- **DATASET SECTION**
########
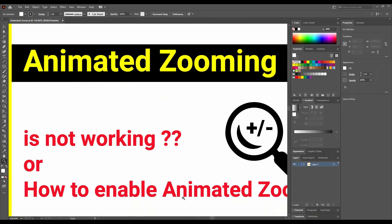To recap: just go to Edit, then Preferences, then Performance, and check Animated Zoom. That's how you easily solve the problem.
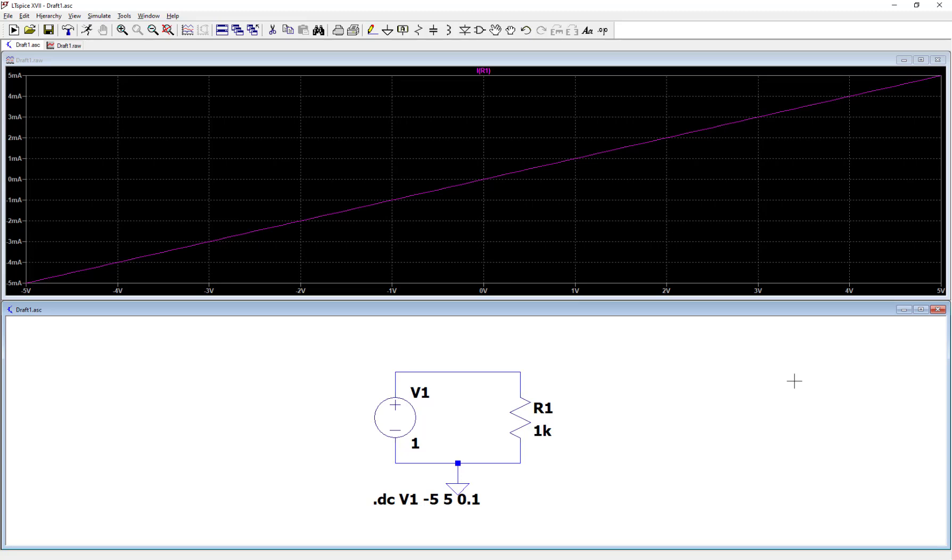So this type of sweep can be performed for, let's say, a diode where you could look at the diode characteristics. So you might replace this resistor with a diode and then vary this voltage range and then you could plot the characteristic of a diode, its current versus voltage. So that's how you perform a DC sweep in LTSpice.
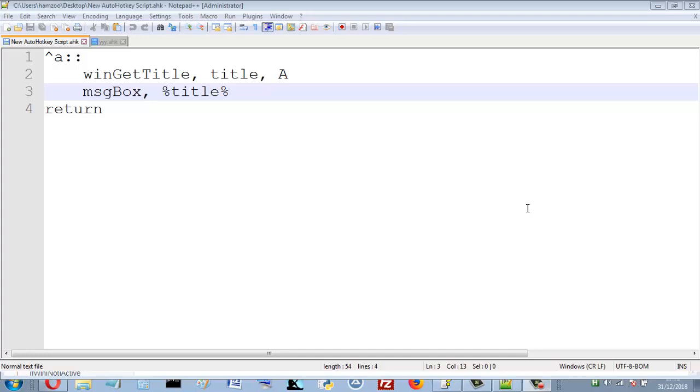Assalamualaikum. In this video I want to show you how to get the title of the active window in AutoHotKey.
########
- **WHAT THIS TASK INVOLVES**
Retyping is limited to the line with "So this type" and the lines after it in the material above; give them exactly and leave out the pictures.

- **RESPONSE BELOW**
So this type of sweep can be performed for, let's say, a diode where you could look at the diode characteristics. So you might replace this resistor with a diode and then vary this voltage range and then you could plot the characteristic of a diode, its current versus voltage. So that's how you perform a DC sweep in LTSpice.
Assalamualaikum. In this video I want to show you how to get the title of the active window in AutoHotKey.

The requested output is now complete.